::: RECORDS TO PROCESS

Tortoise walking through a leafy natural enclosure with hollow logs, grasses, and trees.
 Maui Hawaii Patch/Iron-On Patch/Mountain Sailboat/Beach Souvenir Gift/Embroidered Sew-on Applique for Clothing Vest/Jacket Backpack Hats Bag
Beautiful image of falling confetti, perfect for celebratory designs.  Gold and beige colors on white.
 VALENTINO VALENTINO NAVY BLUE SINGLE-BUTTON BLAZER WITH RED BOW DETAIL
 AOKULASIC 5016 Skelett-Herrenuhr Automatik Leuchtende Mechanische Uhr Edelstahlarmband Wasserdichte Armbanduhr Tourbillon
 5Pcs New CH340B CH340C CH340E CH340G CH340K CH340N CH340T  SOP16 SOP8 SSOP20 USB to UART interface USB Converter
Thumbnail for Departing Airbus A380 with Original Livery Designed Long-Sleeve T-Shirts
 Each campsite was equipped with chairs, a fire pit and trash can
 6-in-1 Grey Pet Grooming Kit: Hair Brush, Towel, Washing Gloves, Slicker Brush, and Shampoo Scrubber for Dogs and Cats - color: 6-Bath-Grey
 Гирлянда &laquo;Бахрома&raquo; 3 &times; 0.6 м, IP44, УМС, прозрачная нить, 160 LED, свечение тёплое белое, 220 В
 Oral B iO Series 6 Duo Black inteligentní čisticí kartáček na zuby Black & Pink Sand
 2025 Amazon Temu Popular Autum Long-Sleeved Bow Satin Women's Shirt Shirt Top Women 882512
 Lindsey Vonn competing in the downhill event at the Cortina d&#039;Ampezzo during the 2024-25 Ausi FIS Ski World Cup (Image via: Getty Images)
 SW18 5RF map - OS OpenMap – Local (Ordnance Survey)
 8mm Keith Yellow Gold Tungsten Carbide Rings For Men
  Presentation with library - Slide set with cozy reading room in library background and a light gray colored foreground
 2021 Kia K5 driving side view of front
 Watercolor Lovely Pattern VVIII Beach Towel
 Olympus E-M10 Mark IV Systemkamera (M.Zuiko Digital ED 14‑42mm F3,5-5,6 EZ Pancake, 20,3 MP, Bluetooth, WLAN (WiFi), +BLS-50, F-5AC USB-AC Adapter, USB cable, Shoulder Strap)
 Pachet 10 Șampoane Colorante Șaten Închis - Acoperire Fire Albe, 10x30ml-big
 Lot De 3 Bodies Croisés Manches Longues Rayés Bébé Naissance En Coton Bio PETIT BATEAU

::::::

## WHAT NEEDS TO BE DONE
The exact wording of every entry above should be written out again.

## WRITTEN ANSWER
Tortoise walking through a leafy natural enclosure with hollow logs, grasses, and trees.
 Maui Hawaii Patch/Iron-On Patch/Mountain Sailboat/Beach Souvenir Gift/Embroidered Sew-on Applique for Clothing Vest/Jacket Backpack Hats Bag
Beautiful image of falling confetti, perfect for celebratory designs.  Gold and beige colors on white.
 VALENTINO VALENTINO NAVY BLUE SINGLE-BUTTON BLAZER WITH RED BOW DETAIL
 AOKULASIC 5016 Skelett-Herrenuhr Automatik Leuchtende Mechanische Uhr Edelstahlarmband Wasserdichte Armbanduhr Tourbillon
 5Pcs New CH340B CH340C CH340E CH340G CH340K CH340N CH340T  SOP16 SOP8 SSOP20 USB to UART interface USB Converter
Thumbnail for Departing Airbus A380 with Original Livery Designed Long-Sleeve T-Shirts
 Each campsite was equipped with chairs, a fire pit and trash can
 6-in-1 Grey Pet Grooming Kit: Hair Brush, Towel, Washing Gloves, Slicker Brush, and Shampoo Scrubber for Dogs and Cats - color: 6-Bath-Grey
 Гирлянда &laquo;Бахрома&raquo; 3 &times; 0.6 м, IP44, УМС, прозрачная нить, 160 LED, свечение тёплое белое, 220 В
 Oral B iO Series 6 Duo Black inteligentní čisticí kartáček na zuby Black & Pink Sand
 2025 Amazon Temu Popular Autum Long-Sleeved Bow Satin Women's Shirt Shirt Top Women 882512
 Lindsey Vonn competing in the downhill event at the Cortina d&#039;Ampezzo during the 2024-25 Ausi FIS Ski World Cup (Image via: Getty Images)
 SW18 5RF map - OS OpenMap – Local (Ordnance Survey)
 8mm Keith Yellow Gold Tungsten Carbide Rings For Men
  Presentation with library - Slide set with cozy reading room in library background and a light gray colored foreground
 2021 Kia K5 driving side view of front
 Watercolor Lovely Pattern VVIII Beach Towel
 Olympus E-M10 Mark IV Systemkamera (M.Zuiko Digital ED 14‑42mm F3,5-5,6 EZ Pancake, 20,3 MP, Bluetooth, WLAN (WiFi), +BLS-50, F-5AC USB-AC Adapter, USB cable, Shoulder Strap)
 Pachet 10 Șampoane Colorante Șaten Închis - Acoperire Fire Albe, 10x30ml-big
 Lot De 3 Bodies Croisés Manches Longues Rayés Bébé Naissance En Coton Bio PETIT BATEAU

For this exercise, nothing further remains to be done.